DATASET CONTENT:
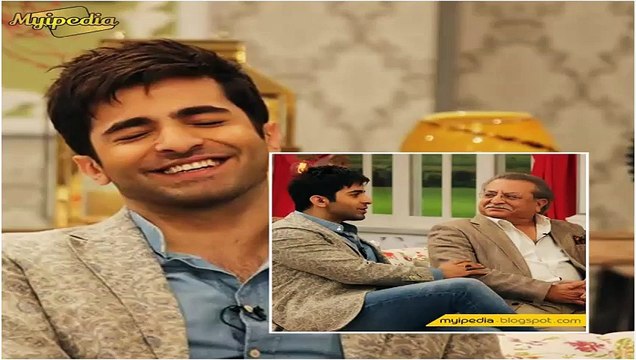 Sheheryar Munawar With his Father in Nida Yasir Morning Show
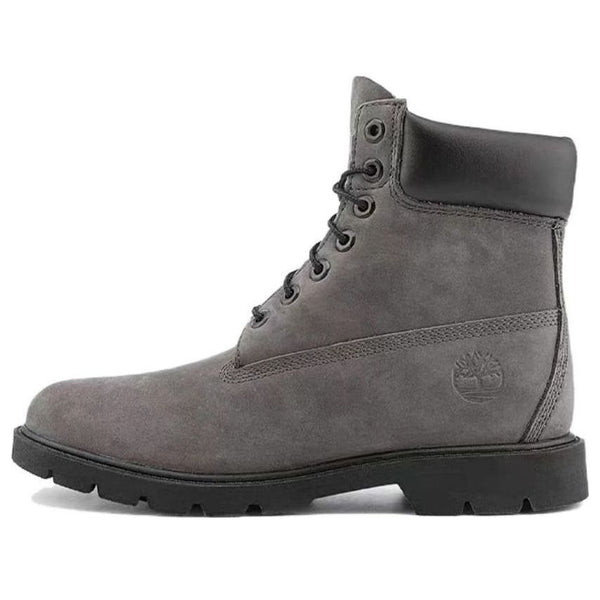 Кроссовки classic 6 inch waterproof boot 'medium grey nubuck' Timberland, серый 
Кроссовки classic 6 inch waterproof boot 'medium grey nubuck' Timberland, серый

DESCRIPTION OF THE TASK: Your copy of the material above should be exact and free of pictures.

RESPONSE BOX:
 Sheheryar Munawar With his Father in Nida Yasir Morning Show
 Кроссовки classic 6 inch waterproof boot 'medium grey nubuck' Timberland, серый 
Кроссовки classic 6 inch waterproof boot 'medium grey nubuck' Timberland, серый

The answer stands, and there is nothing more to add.